[[ The data, beginning ]]

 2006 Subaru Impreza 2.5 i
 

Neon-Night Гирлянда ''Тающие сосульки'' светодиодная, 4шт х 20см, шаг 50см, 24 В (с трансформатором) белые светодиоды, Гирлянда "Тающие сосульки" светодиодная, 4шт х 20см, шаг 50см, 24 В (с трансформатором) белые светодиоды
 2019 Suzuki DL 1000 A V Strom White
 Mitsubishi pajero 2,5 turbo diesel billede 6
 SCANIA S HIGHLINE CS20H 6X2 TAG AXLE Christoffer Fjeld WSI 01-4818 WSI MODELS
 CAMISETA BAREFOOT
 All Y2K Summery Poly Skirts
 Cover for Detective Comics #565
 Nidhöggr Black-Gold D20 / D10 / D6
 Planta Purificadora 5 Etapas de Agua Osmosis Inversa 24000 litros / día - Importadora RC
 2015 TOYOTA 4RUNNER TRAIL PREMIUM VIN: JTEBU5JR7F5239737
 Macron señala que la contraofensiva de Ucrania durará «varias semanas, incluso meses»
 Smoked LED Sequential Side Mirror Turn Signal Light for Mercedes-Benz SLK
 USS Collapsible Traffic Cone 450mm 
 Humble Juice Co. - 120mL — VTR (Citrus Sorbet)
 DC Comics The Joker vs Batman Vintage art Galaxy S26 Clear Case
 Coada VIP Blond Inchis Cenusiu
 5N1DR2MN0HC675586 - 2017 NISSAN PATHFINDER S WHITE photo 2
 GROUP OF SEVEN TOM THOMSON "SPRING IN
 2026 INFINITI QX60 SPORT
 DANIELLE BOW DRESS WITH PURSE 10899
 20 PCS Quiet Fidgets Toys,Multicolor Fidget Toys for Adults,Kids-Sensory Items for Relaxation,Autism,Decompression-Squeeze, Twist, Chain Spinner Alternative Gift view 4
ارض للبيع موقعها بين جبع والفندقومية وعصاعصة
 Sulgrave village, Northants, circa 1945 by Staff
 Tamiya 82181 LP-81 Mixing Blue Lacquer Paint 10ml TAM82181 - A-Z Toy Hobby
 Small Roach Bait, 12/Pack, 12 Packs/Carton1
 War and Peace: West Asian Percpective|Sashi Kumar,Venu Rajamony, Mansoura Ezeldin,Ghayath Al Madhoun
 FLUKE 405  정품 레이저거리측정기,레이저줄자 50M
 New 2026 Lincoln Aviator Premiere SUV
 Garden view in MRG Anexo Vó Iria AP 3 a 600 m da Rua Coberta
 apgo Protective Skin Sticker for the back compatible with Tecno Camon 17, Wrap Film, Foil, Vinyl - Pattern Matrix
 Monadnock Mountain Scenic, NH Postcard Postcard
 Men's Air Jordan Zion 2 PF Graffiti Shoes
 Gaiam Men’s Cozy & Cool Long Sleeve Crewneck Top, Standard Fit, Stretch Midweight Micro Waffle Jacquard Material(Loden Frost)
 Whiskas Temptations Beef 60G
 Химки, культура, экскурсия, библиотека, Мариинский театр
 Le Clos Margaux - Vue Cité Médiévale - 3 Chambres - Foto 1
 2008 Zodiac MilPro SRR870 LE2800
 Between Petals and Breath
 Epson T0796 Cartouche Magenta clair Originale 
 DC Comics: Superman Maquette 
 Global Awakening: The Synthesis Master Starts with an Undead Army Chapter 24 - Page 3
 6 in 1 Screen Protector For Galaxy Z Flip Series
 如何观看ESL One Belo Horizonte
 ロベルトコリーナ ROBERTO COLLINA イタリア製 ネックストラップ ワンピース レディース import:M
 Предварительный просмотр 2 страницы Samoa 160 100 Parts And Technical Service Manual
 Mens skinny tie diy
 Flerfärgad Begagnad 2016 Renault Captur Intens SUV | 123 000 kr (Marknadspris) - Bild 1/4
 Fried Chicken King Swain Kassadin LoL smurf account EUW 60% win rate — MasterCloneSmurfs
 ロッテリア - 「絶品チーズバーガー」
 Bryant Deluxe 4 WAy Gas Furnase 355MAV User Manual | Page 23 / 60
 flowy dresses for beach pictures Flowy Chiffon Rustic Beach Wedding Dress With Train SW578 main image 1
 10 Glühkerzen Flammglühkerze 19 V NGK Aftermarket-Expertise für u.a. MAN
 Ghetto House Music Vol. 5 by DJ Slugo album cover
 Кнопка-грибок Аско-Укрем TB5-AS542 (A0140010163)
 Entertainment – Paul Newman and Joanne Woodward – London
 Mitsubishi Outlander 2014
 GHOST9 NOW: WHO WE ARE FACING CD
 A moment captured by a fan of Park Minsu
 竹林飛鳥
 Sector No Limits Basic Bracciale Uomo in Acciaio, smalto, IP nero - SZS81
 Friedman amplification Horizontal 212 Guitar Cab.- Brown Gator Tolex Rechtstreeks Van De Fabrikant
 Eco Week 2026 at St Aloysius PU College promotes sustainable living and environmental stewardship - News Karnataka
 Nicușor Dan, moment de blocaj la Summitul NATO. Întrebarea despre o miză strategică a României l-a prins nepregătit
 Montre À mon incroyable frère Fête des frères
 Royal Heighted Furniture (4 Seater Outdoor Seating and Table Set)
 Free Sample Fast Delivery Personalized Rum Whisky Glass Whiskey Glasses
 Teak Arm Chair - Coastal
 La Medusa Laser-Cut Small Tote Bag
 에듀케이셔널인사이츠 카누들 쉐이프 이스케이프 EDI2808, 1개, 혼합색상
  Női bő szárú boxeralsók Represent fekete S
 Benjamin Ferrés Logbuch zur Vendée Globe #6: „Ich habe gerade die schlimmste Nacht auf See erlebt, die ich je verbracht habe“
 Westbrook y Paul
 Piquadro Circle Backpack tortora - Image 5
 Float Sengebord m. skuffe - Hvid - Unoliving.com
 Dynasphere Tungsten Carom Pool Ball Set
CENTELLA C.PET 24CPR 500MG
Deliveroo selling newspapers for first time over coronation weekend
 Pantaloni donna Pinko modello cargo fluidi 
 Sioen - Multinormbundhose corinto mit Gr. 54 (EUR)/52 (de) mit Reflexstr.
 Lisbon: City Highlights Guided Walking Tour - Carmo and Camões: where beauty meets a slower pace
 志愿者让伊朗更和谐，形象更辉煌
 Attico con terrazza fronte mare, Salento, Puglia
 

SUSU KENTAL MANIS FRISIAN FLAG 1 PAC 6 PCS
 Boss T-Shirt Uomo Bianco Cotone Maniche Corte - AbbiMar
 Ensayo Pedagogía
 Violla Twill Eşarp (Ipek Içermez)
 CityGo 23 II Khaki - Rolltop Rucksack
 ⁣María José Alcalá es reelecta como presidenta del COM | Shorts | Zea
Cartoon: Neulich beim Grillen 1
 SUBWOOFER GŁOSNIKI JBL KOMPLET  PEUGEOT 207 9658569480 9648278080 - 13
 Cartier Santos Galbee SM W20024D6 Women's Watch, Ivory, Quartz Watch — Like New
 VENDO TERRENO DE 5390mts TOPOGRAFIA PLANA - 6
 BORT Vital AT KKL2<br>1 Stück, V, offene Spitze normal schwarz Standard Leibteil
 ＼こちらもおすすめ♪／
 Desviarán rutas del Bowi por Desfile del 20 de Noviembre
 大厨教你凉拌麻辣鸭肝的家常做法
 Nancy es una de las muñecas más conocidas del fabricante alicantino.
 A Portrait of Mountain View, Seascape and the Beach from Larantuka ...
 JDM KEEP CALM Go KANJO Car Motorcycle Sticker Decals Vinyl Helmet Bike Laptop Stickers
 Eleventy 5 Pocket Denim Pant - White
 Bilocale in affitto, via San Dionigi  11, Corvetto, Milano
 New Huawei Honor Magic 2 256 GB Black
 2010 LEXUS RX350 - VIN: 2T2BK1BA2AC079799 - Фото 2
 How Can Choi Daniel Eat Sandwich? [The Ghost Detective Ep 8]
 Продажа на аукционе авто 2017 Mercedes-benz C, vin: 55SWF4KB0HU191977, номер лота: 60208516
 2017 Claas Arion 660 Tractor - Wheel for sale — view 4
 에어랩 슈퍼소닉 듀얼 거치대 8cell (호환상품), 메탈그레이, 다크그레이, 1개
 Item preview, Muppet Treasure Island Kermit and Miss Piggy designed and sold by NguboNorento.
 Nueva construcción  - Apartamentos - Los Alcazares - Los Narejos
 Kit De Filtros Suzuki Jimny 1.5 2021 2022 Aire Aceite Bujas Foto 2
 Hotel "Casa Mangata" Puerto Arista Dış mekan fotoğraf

[[ The data, end ]]

-- Exercise directions --
In the listing above, the lines from the one containing "DC Comics: Superman Maquette" through the one containing "Montre À mon" must be set down exactly, with no other lines.

-- Task solution --
 DC Comics: Superman Maquette 
 Global Awakening: The Synthesis Master Starts with an Undead Army Chapter 24 - Page 3
 6 in 1 Screen Protector For Galaxy Z Flip Series
 如何观看ESL One Belo Horizonte
 ロベルトコリーナ ROBERTO COLLINA イタリア製 ネックストラップ ワンピース レディース import:M
 Предварительный просмотр 2 страницы Samoa 160 100 Parts And Technical Service Manual
 Mens skinny tie diy
 Flerfärgad Begagnad 2016 Renault Captur Intens SUV | 123 000 kr (Marknadspris) - Bild 1/4
 Fried Chicken King Swain Kassadin LoL smurf account EUW 60% win rate — MasterCloneSmurfs
 ロッテリア - 「絶品チーズバーガー」
 Bryant Deluxe 4 WAy Gas Furnase 355MAV User Manual | Page 23 / 60
 flowy dresses for beach pictures Flowy Chiffon Rustic Beach Wedding Dress With Train SW578 main image 1
 10 Glühkerzen Flammglühkerze 19 V NGK Aftermarket-Expertise für u.a. MAN
 Ghetto House Music Vol. 5 by DJ Slugo album cover
 Кнопка-грибок Аско-Укрем TB5-AS542 (A0140010163)
 Entertainment – Paul Newman and Joanne Woodward – London
 Mitsubishi Outlander 2014
 GHOST9 NOW: WHO WE ARE FACING CD
 A moment captured by a fan of Park Minsu
 竹林飛鳥
 Sector No Limits Basic Bracciale Uomo in Acciaio, smalto, IP nero - SZS81
 Friedman amplification Horizontal 212 Guitar Cab.- Brown Gator Tolex Rechtstreeks Van De Fabrikant
 Eco Week 2026 at St Aloysius PU College promotes sustainable living and environmental stewardship - News Karnataka
 Nicușor Dan, moment de blocaj la Summitul NATO. Întrebarea despre o miză strategică a României l-a prins nepregătit
 Montre À mon incroyable frère Fête des frères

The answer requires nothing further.